C1060 slower than S1070?

We have two HPC systems, one has two desktops connected to one S1070-400 and the other is two desktops each having two C1060 cards. We tried to run the same bench mark program using ONE GPU on both systems and observed that C1060 is about 10% slower than S1070, though we expected the performance should be the same.
The desktops have the same system (windows xp 64bit), same CPUs and other configurations, except the GPUs. The graphics card information is the same:
Driver version: 197.03
CUDA Cores: 240
Graphics clock: 610 MHz
Processor clock: 1296 MHz
Memory clock: 800 MHZ(160 MHz data rate)
Memory interface: 512-bit
Memory: 4096 MB
Bus: PCI Express x16 Gen2

The only difference I can see is Video BIOS version, C1060 has 62.00.62.00.07 and S1070 has 62.00.62.00.09.

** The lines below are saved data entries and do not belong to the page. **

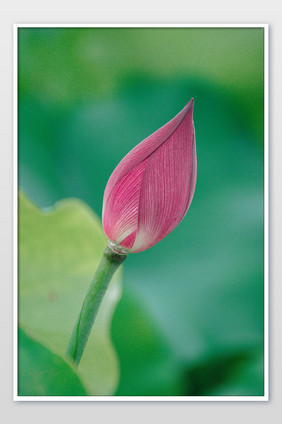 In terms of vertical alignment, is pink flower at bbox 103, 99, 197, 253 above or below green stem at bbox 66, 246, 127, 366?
above

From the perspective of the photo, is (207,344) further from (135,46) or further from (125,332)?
(135,46)

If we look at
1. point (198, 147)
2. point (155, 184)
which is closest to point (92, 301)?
point (155, 184)

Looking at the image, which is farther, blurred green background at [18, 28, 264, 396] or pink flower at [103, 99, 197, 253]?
blurred green background at [18, 28, 264, 396]

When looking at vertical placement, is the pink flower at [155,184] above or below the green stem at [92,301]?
above

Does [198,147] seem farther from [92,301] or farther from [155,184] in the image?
[92,301]

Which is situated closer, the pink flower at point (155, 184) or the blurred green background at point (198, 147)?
the pink flower at point (155, 184)

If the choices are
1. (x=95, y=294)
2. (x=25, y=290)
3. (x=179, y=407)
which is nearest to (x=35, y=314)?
(x=25, y=290) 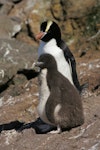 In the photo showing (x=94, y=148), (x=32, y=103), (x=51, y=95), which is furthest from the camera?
(x=32, y=103)

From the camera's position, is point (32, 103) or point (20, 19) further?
point (20, 19)

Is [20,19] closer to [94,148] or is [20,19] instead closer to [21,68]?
[21,68]

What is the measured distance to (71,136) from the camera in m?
6.32

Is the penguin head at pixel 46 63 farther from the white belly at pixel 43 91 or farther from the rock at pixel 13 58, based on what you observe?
the rock at pixel 13 58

Anybody have the same experience or could give us some idea why C1060 is slower?

Many thanks.

P.S. I meant to post here but posted in “CUDA on Windows XP” board by error
Can anyone tell me how to delete the post there…

There are two models of S1070: the S1070-400 with the same clocks of the C1060 and the S1070-500 with faster shader clock ( around 10%)

What we have is S1070-400. So the clock rates are the same as C1060.